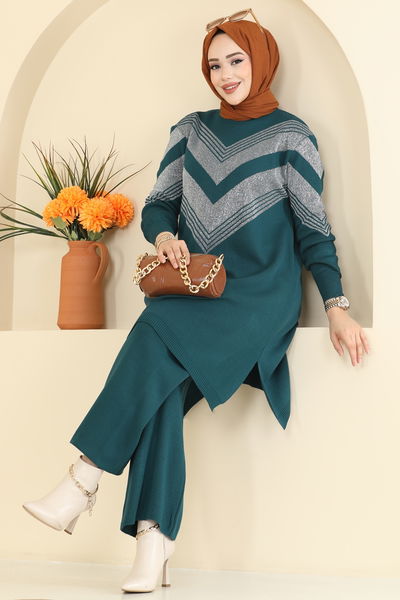 A.Y.D. - طقم بترولي 2767AYD574-MS - 418158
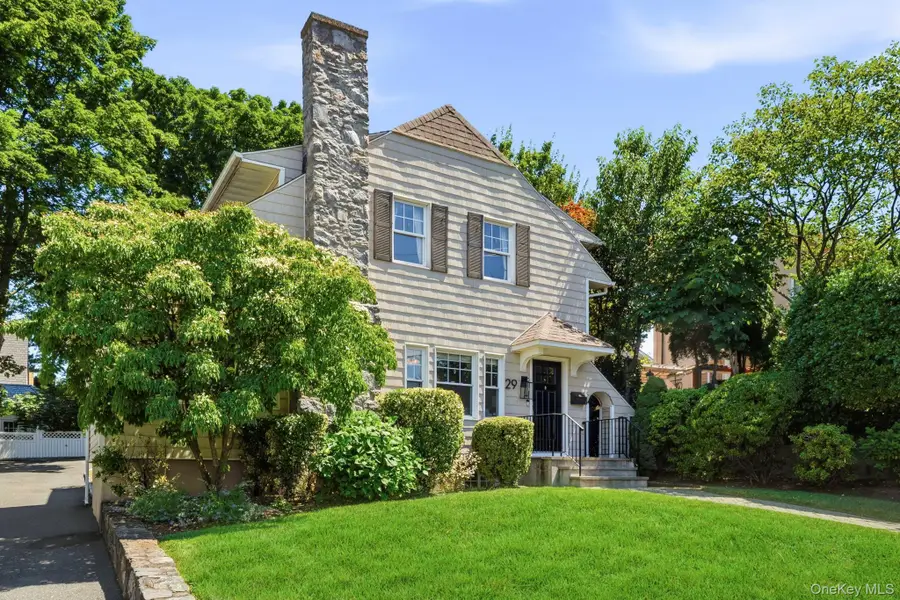 29 Homestead Road, Scarsdale, NY 10583 - #2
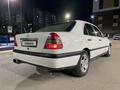 Mercedes-Benz C 180 1994 годаfor2 500 000 тг. в Караганда – фото 7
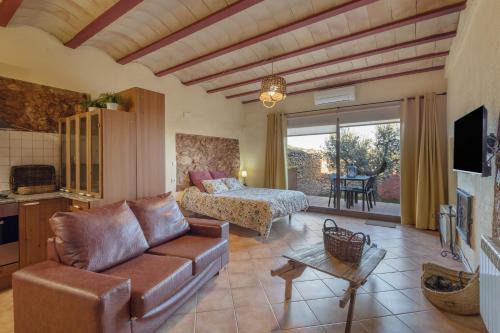Sant Jaume dels Domenys House | Loft Rural Orenetes ideal parejas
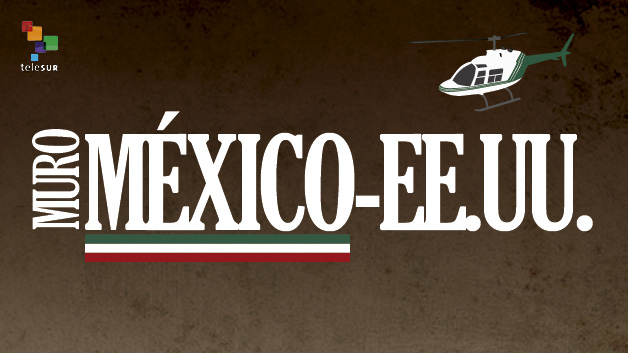 La Operación Guardián dio paso al muro entre México y Estados Unidos.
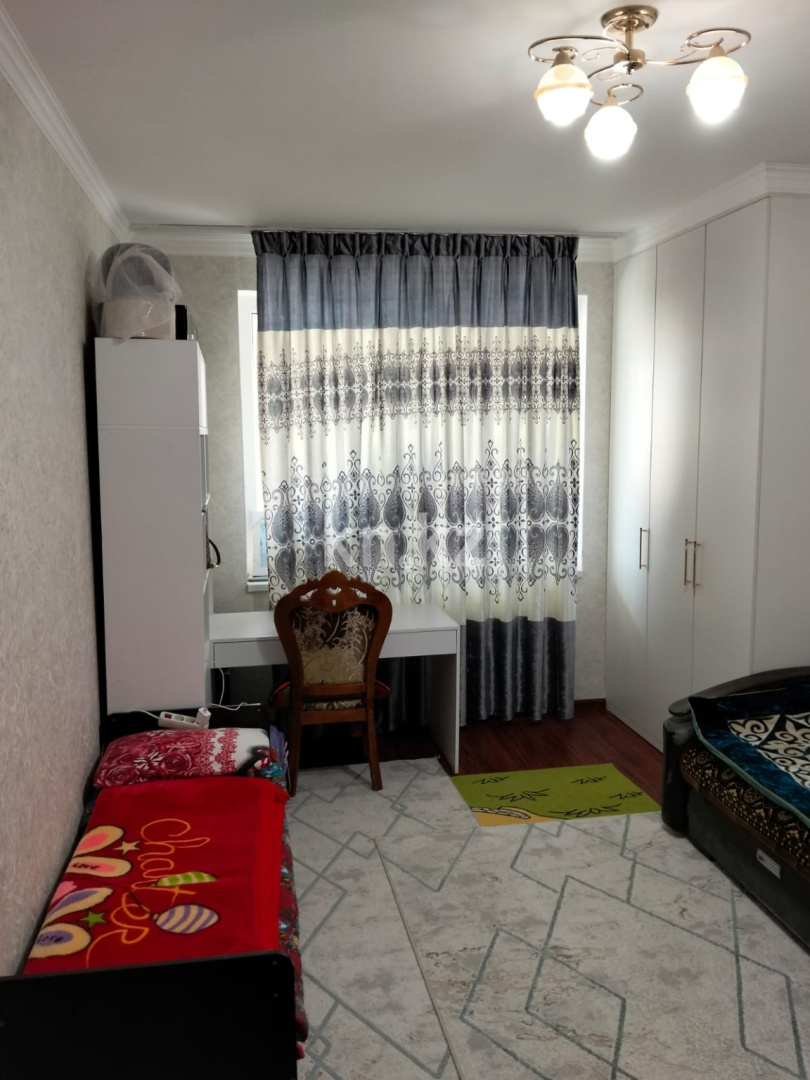 Продажа 2-комнатной квартиры, 72.7 м² в Астане - фото 3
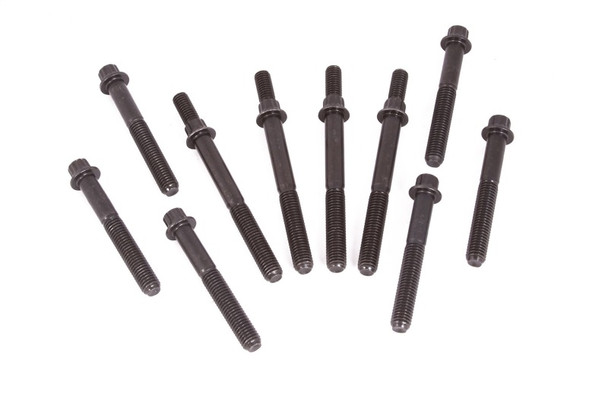 OMIX 17258.02 Cylinder Head Bolt Kit for 97-02 Jeep Wrangler TJ & 97-01 Cherokee XJ with 2.5L Engine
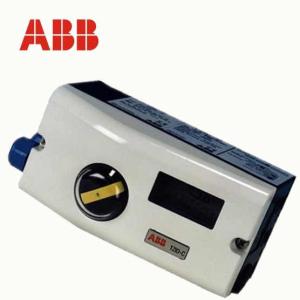 Quality V18345-1010121001 ABB Valve Positioner Intelligent Valve Positioner wholesale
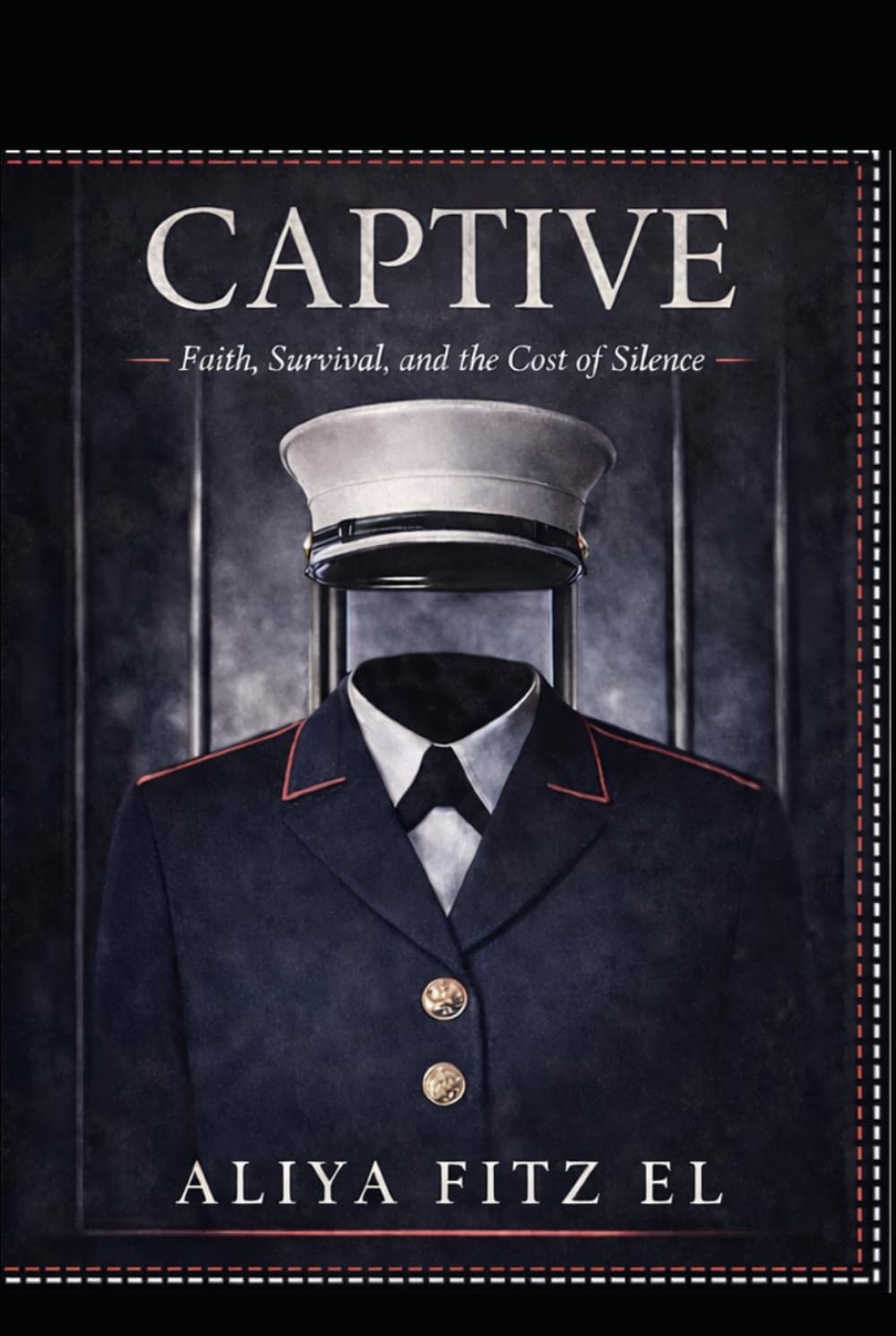 Captive: Faith, Survival, and the Cost of Silence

▬▬▬▬▬▬

* **What the task asks**
Drop every picture and repeat the rest of the entries exactly.

* **Response area**
 A.Y.D. - طقم بترولي 2767AYD574-MS - 418158
 29 Homestead Road, Scarsdale, NY 10583 - #2
 Mercedes-Benz C 180 1994 годаfor2 500 000 тг. в Караганда – фото 7
Sant Jaume dels Domenys House | Loft Rural Orenetes ideal parejas
 La Operación Guardián dio paso al muro entre México y Estados Unidos.
 Продажа 2-комнатной квартиры, 72.7 м² в Астане - фото 3
 OMIX 17258.02 Cylinder Head Bolt Kit for 97-02 Jeep Wrangler TJ & 97-01 Cherokee XJ with 2.5L Engine
 Quality V18345-1010121001 ABB Valve Positioner Intelligent Valve Positioner wholesale
 Captive: Faith, Survival, and the Cost of Silence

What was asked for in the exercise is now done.